> **Data under study**:

Content starts

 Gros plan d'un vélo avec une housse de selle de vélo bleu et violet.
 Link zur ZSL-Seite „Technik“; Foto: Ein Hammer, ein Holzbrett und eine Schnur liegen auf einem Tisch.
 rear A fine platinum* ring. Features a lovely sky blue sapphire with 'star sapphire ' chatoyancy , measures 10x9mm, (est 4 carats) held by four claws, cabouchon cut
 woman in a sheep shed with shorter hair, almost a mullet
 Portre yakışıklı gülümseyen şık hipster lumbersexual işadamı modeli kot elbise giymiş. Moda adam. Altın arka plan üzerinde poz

Content ends
Content starts

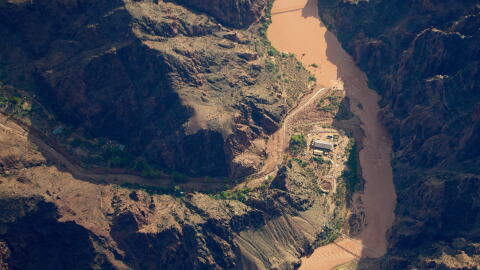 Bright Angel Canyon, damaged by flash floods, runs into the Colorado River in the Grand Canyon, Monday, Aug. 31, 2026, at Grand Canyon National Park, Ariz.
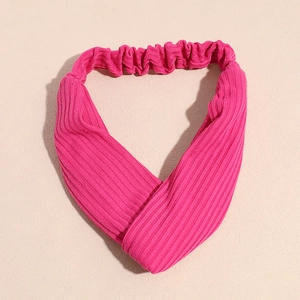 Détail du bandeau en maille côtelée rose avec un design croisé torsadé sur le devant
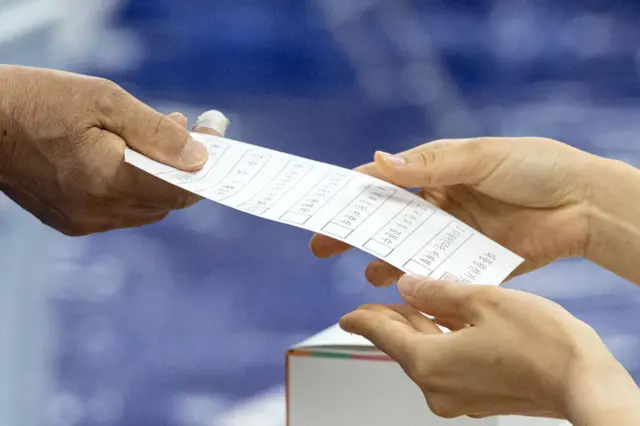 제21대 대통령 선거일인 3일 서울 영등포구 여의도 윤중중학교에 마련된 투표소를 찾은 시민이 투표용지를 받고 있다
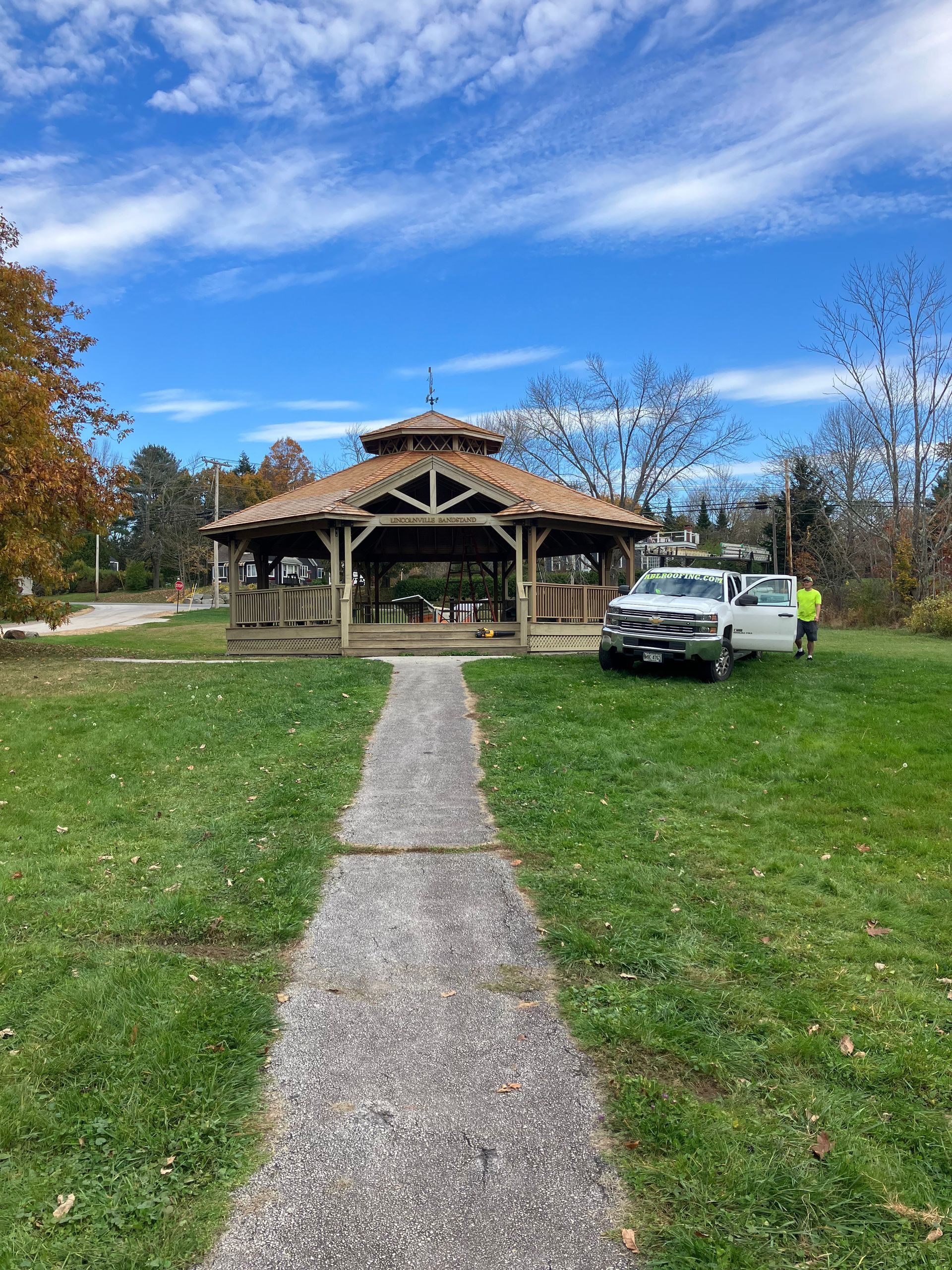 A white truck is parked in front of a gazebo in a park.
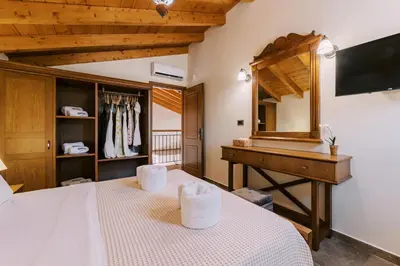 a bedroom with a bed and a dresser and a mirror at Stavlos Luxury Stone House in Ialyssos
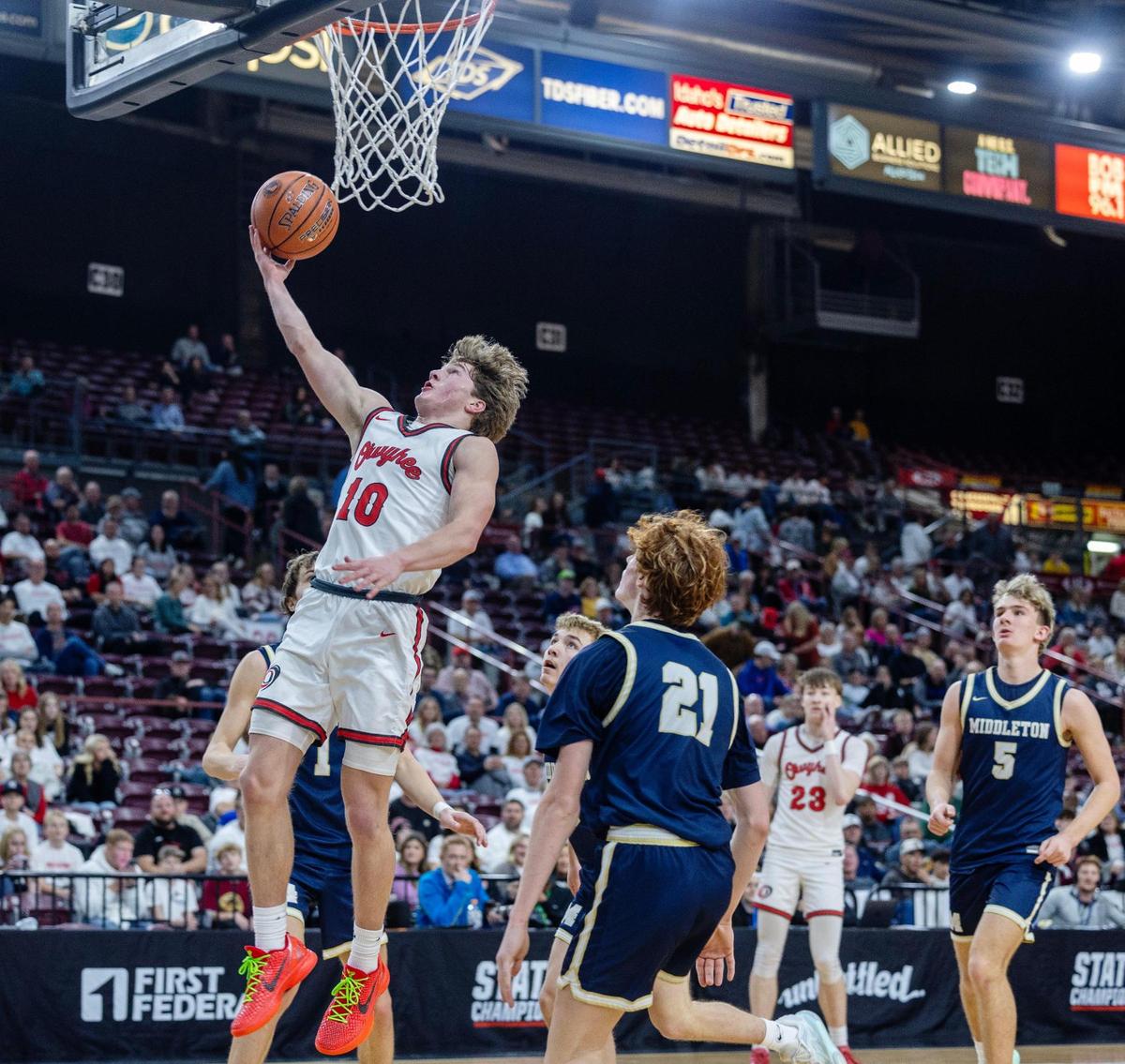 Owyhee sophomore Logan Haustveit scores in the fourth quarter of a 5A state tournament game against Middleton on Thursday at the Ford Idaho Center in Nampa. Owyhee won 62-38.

Content ends
Content starts

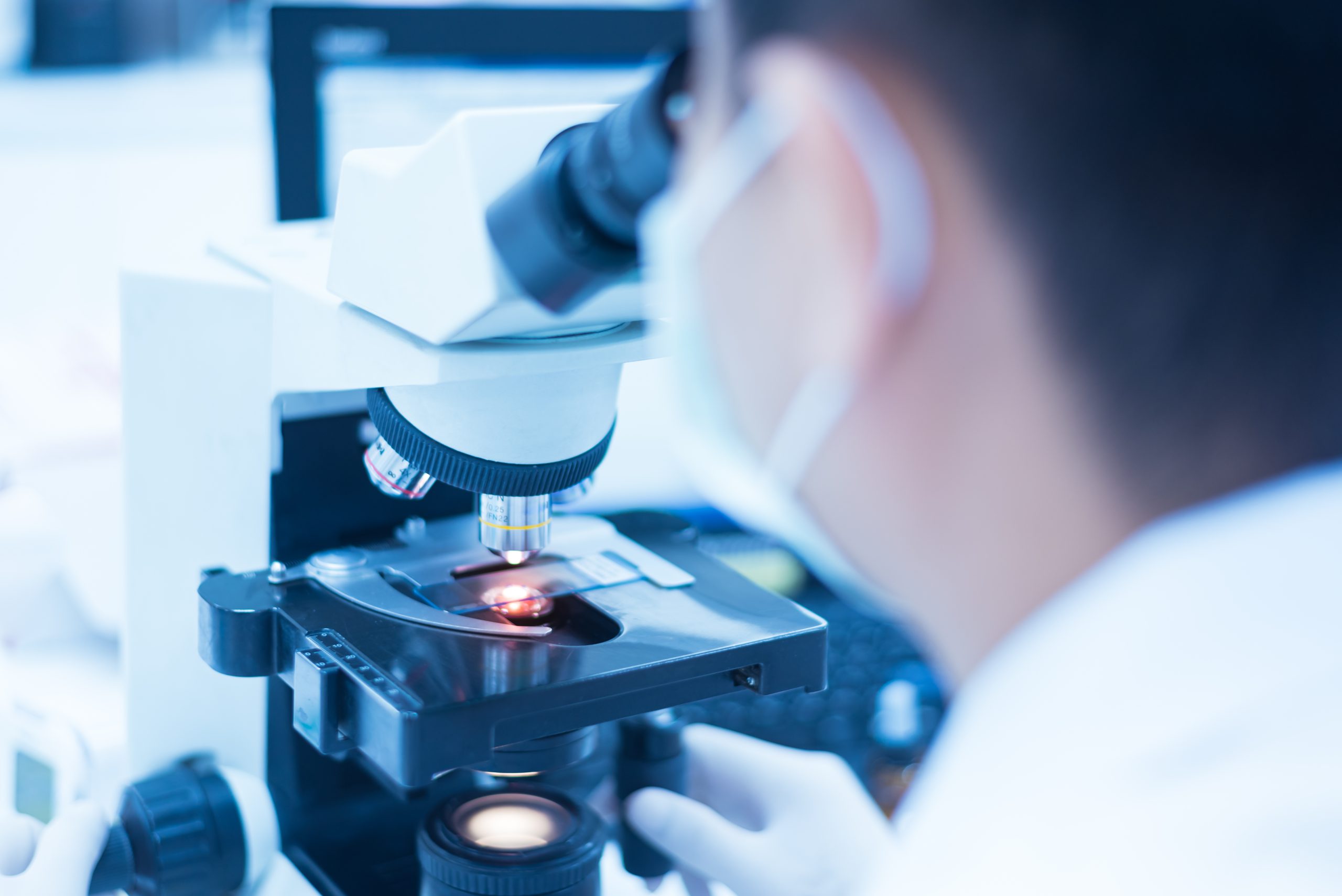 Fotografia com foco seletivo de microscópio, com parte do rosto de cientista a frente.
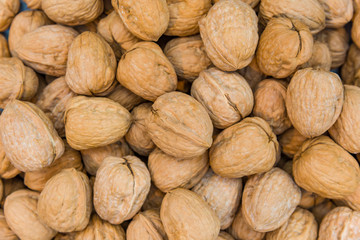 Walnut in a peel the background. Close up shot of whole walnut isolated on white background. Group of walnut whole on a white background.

Content ends

> **Problem**:
Starting at the line containing "Fotografia com foco" and stopping at the line containing "Walnut in a", output every line above exactly, both ends included, with pictures omitted.

> **Final answer**:
 Fotografia com foco seletivo de microscópio, com parte do rosto de cientista a frente.
 Walnut in a peel the background. Close up shot of whole walnut isolated on white background. Group of walnut whole on a white background.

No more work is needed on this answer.